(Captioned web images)

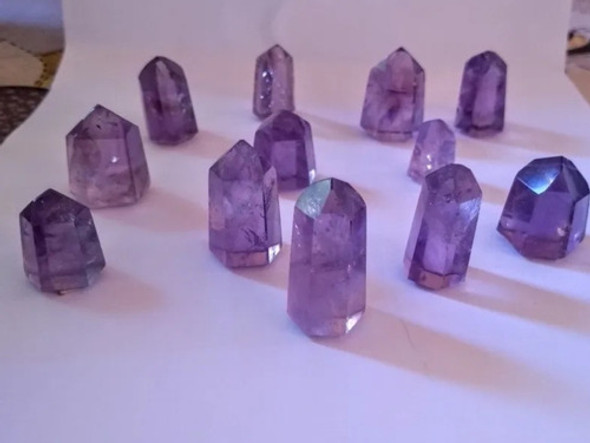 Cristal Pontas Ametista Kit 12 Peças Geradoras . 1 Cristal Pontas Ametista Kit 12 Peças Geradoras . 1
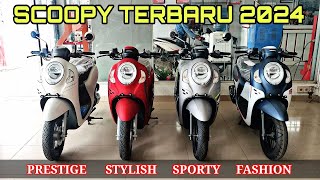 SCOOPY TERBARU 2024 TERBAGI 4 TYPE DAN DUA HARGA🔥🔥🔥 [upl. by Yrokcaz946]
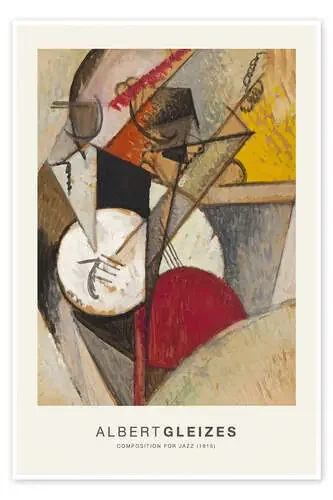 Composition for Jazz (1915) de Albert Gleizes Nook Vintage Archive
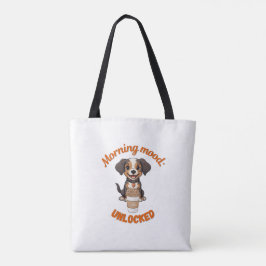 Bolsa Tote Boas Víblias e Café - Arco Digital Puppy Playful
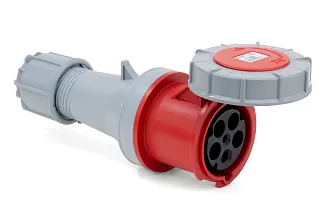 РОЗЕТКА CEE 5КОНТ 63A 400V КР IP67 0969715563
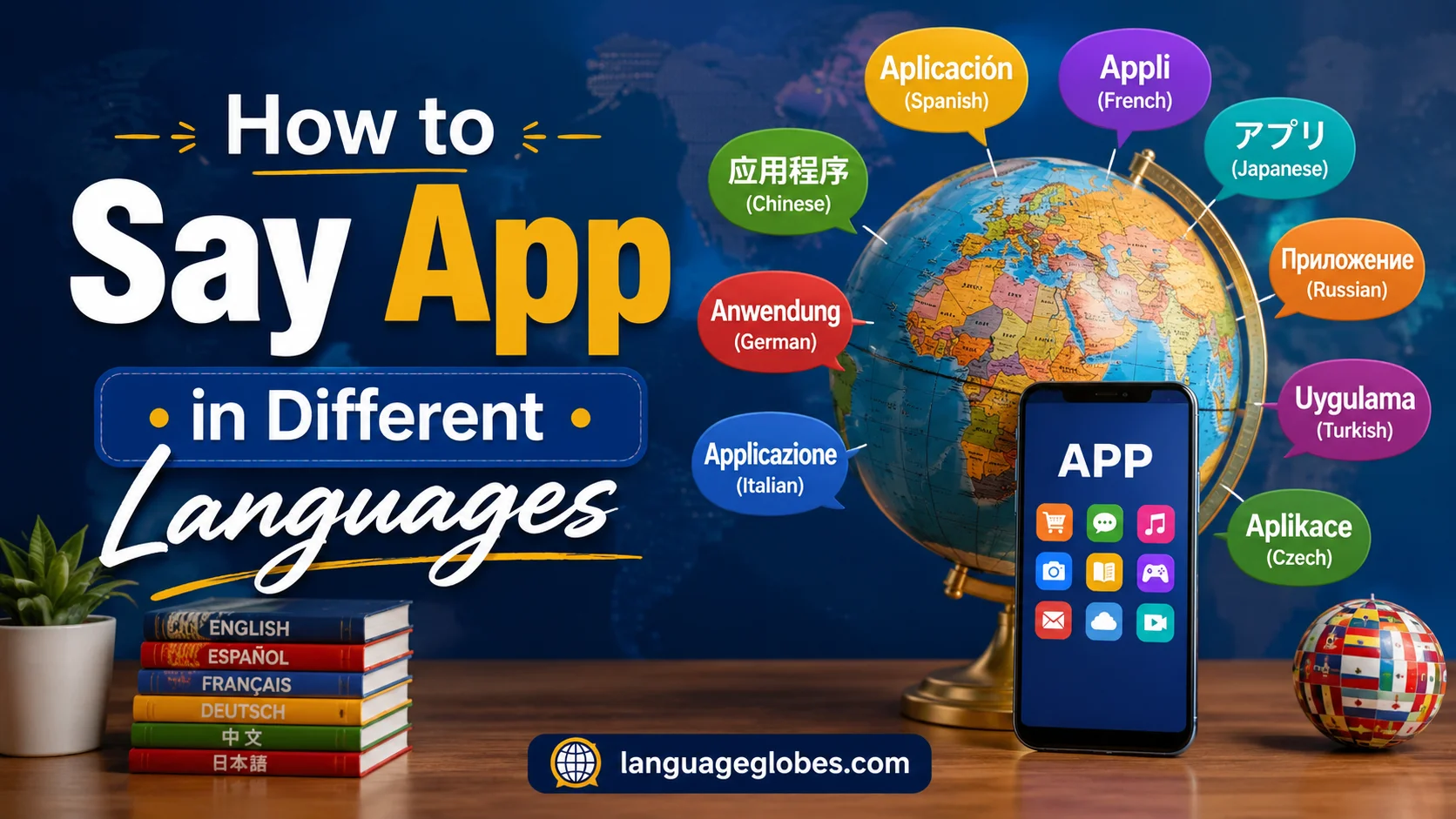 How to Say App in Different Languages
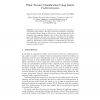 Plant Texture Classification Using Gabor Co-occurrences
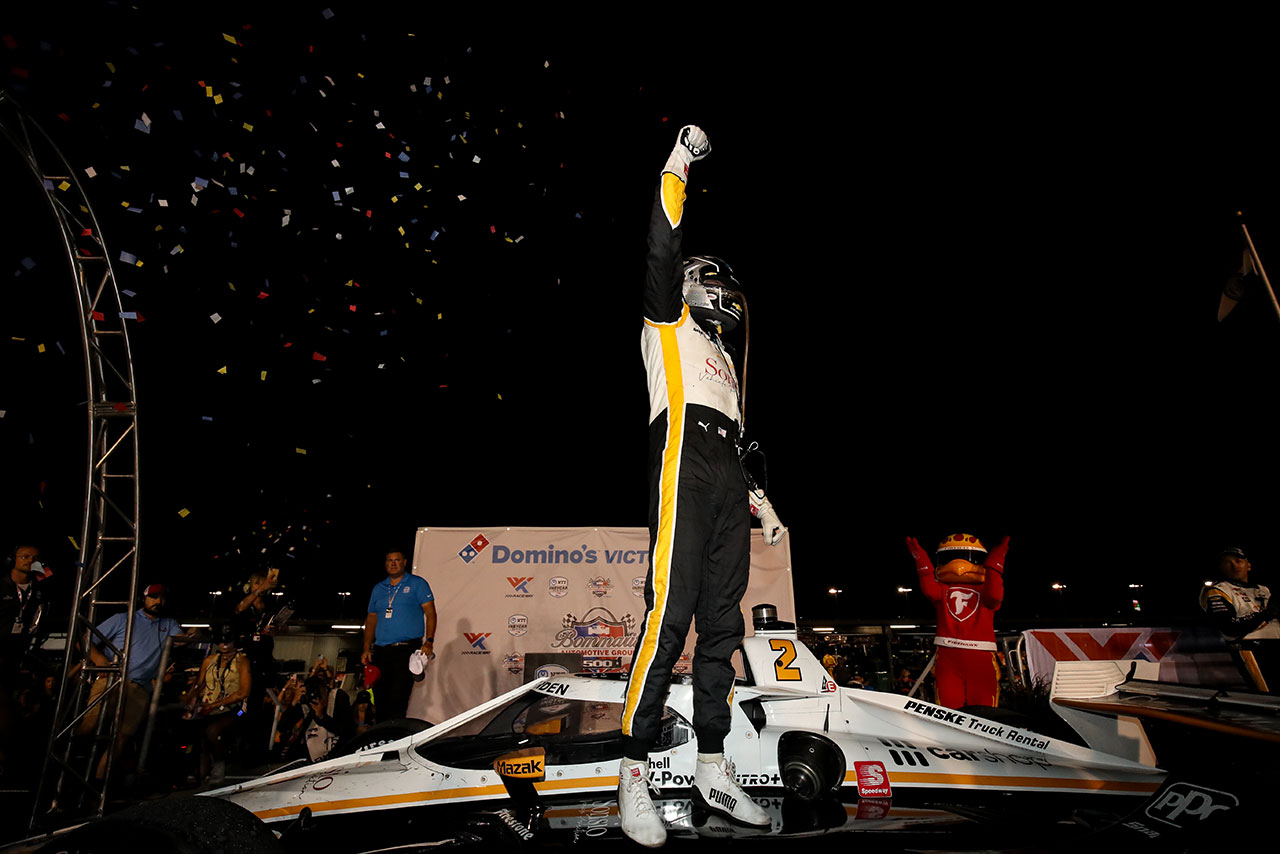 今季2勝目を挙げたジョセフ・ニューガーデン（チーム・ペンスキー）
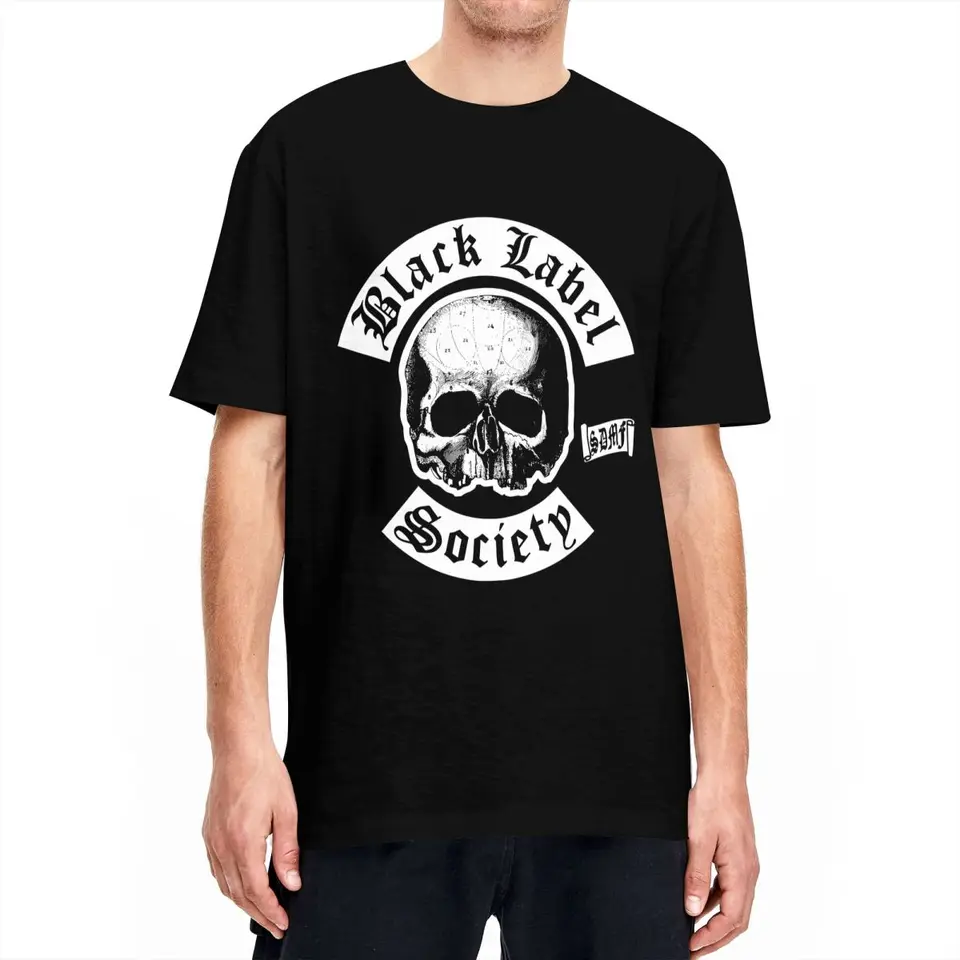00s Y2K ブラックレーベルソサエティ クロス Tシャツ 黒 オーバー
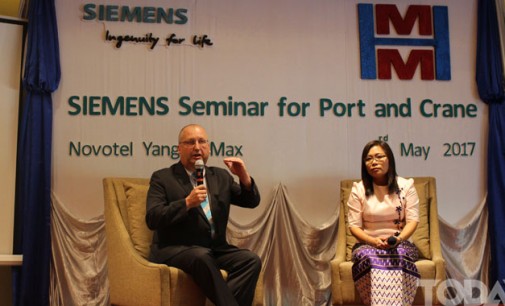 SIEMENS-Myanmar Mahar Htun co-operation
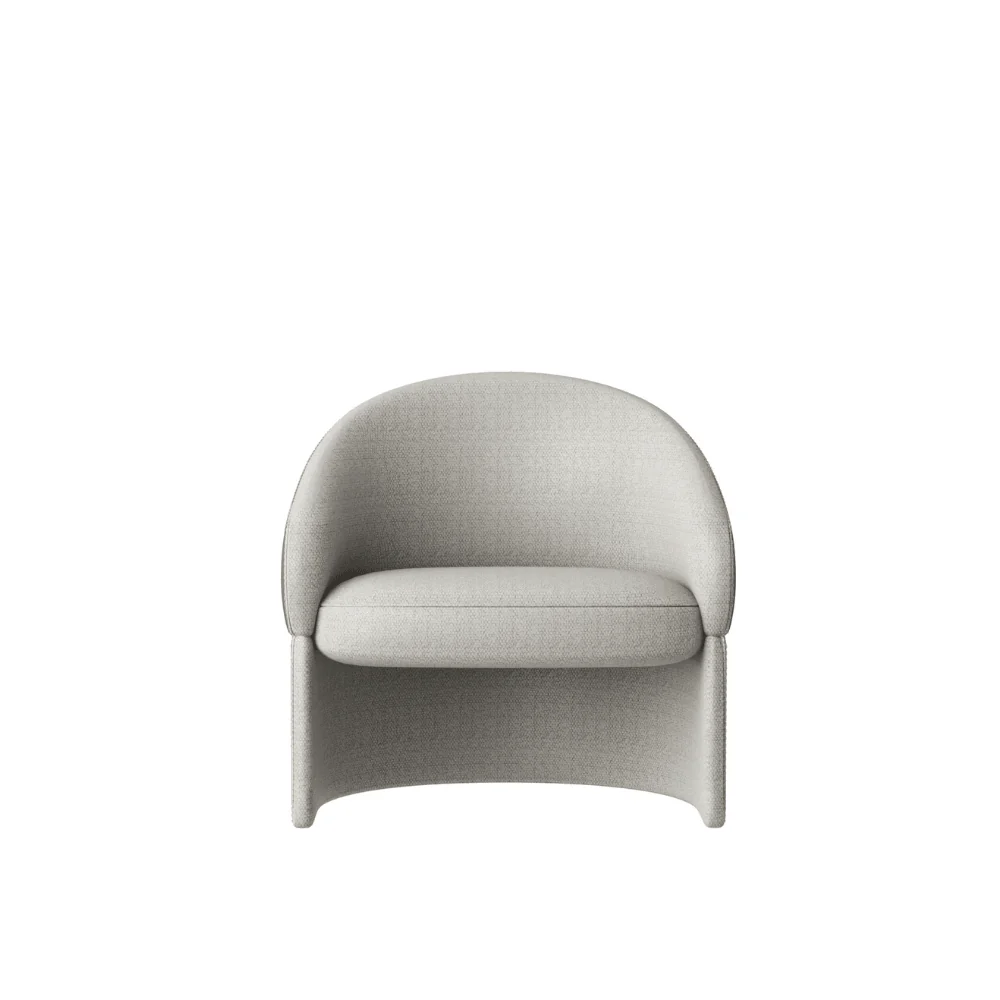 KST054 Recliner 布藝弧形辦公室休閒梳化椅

■ Directions: Starting at the line that contains "00s Y2K ブラックレーベルソサエティ クロス Tシャツ 黒 オーバー", output every line through the end of the data, both ends included, and nothing else; pictures stay out.

■ Solution for this task:
00s Y2K ブラックレーベルソサエティ クロス Tシャツ 黒 オーバー
 SIEMENS-Myanmar Mahar Htun co-operation
 KST054 Recliner 布藝弧形辦公室休閒梳化椅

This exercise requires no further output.